> _What is required_
The answer is every line in the data below that contains the word "error".

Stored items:
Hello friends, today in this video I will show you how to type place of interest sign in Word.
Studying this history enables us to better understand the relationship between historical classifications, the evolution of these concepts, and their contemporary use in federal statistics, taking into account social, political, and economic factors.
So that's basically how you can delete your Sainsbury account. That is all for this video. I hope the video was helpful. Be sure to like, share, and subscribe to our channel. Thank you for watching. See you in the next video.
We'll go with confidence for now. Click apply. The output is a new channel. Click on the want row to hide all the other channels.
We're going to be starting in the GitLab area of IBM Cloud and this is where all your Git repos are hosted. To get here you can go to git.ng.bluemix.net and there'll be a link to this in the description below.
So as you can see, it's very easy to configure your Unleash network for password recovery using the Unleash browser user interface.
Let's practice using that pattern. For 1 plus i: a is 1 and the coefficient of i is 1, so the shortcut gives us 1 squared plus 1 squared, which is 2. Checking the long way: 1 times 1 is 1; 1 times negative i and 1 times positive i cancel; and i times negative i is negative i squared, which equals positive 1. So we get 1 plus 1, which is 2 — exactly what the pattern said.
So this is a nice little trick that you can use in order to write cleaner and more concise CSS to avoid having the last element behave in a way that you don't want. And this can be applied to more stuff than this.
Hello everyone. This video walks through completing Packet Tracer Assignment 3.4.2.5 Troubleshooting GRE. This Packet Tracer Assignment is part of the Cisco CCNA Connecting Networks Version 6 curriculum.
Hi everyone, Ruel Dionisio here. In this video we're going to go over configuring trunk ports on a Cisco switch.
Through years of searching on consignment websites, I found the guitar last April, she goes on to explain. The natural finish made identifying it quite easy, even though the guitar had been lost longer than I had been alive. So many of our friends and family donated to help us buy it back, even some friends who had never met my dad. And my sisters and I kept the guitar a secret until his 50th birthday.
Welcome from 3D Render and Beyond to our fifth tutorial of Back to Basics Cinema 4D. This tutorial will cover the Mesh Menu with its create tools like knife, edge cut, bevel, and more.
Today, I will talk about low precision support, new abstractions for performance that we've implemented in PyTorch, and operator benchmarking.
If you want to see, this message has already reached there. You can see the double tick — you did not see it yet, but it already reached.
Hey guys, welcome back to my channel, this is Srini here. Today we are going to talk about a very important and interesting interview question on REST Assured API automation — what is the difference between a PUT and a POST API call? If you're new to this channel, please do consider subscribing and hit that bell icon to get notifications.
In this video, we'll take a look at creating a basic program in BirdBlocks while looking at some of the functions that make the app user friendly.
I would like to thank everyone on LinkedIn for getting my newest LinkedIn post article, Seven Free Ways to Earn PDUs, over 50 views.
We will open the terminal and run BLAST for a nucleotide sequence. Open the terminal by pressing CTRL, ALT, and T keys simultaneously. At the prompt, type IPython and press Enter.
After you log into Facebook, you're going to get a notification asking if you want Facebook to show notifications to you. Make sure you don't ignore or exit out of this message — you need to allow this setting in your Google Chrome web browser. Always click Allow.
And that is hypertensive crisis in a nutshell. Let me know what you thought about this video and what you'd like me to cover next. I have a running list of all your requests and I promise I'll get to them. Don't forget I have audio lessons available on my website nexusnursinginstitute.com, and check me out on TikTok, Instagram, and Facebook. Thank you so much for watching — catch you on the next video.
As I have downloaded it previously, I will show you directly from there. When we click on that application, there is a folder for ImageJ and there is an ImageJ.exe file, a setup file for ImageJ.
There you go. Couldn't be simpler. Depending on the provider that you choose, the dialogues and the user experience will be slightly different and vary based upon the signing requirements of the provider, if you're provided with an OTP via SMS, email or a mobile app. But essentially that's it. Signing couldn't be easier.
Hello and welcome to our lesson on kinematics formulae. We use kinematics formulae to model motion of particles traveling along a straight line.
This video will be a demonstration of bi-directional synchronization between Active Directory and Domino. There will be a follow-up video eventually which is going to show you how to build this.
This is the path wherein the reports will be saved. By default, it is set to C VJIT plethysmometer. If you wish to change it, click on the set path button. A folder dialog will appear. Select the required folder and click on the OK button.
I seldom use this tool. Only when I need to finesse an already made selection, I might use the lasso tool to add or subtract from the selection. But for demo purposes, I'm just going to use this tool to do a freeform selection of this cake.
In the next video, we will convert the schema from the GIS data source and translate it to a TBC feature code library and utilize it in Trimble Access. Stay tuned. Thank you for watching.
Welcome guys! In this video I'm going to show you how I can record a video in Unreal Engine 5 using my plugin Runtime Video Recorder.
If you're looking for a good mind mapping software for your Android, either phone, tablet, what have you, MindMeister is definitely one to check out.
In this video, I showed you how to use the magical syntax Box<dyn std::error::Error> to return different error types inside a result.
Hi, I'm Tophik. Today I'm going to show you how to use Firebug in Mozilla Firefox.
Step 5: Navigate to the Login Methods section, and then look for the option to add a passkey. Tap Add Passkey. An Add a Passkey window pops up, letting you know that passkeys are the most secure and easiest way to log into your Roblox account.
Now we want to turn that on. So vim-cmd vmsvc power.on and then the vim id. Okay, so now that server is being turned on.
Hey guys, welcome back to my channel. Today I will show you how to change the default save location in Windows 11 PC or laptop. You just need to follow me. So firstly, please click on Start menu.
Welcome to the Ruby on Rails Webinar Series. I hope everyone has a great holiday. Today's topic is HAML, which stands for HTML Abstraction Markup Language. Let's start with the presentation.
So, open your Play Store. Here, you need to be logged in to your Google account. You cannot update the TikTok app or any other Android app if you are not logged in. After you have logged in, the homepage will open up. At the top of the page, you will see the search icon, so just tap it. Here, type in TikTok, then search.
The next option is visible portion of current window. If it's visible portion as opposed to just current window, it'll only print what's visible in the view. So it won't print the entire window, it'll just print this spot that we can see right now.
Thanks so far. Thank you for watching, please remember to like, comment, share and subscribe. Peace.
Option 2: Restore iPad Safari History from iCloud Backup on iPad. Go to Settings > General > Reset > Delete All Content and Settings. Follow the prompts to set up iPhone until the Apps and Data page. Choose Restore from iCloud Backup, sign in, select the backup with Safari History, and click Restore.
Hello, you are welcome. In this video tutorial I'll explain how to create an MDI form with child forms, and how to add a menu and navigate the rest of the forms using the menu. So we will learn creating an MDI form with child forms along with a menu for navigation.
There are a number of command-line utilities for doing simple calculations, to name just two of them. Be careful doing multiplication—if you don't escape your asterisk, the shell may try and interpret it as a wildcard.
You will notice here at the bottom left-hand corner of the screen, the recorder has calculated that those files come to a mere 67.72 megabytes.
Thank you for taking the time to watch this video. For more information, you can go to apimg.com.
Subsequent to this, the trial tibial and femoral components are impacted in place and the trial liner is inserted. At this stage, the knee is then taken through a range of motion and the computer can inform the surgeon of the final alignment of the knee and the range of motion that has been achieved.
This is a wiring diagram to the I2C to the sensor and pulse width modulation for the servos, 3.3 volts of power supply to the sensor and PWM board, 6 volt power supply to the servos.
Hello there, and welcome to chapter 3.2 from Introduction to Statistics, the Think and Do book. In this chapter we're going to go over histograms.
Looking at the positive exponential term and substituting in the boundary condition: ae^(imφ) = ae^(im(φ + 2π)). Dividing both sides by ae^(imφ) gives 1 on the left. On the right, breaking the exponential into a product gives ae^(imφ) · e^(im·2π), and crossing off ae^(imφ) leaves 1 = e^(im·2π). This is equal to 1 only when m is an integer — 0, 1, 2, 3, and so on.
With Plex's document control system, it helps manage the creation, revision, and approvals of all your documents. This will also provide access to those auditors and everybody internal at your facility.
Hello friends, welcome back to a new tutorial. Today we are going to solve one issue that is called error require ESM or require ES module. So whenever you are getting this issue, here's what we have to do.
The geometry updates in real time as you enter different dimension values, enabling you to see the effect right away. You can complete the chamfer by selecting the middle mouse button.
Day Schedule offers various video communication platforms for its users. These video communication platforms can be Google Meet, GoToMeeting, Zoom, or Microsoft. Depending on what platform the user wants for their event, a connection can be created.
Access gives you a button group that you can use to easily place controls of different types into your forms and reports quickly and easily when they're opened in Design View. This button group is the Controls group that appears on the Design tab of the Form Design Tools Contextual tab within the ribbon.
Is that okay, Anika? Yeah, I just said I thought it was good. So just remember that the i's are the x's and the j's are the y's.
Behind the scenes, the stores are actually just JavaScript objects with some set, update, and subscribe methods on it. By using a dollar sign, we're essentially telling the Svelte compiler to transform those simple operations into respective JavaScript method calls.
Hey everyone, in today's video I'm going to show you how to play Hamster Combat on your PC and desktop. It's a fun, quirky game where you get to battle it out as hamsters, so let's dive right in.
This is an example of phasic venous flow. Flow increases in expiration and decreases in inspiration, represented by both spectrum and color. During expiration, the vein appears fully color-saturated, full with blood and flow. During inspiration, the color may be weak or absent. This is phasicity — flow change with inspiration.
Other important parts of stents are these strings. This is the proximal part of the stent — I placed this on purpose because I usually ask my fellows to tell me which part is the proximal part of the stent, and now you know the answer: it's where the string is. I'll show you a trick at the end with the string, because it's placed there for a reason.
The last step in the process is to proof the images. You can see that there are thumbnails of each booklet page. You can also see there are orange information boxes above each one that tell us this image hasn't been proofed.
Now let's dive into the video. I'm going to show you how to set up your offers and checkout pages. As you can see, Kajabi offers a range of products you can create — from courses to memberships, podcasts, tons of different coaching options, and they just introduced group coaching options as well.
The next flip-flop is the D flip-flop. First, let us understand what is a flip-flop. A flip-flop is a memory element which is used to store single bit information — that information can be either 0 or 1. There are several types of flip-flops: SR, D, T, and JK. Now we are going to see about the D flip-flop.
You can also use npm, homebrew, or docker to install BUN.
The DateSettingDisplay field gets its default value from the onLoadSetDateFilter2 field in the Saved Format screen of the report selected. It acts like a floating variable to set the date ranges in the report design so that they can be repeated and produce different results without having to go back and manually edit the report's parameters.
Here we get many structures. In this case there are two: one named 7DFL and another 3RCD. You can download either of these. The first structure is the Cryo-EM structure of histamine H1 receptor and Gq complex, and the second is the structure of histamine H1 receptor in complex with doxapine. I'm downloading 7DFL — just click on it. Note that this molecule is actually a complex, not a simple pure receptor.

> _Answer_
In this video, I showed you how to use the magical syntax Box<dyn std::error::Error> to return different error types inside a result.
Hello friends, welcome back to a new tutorial. Today we are going to solve one issue that is called error require ESM or require ES module. So whenever you are getting this issue, here's what we have to do.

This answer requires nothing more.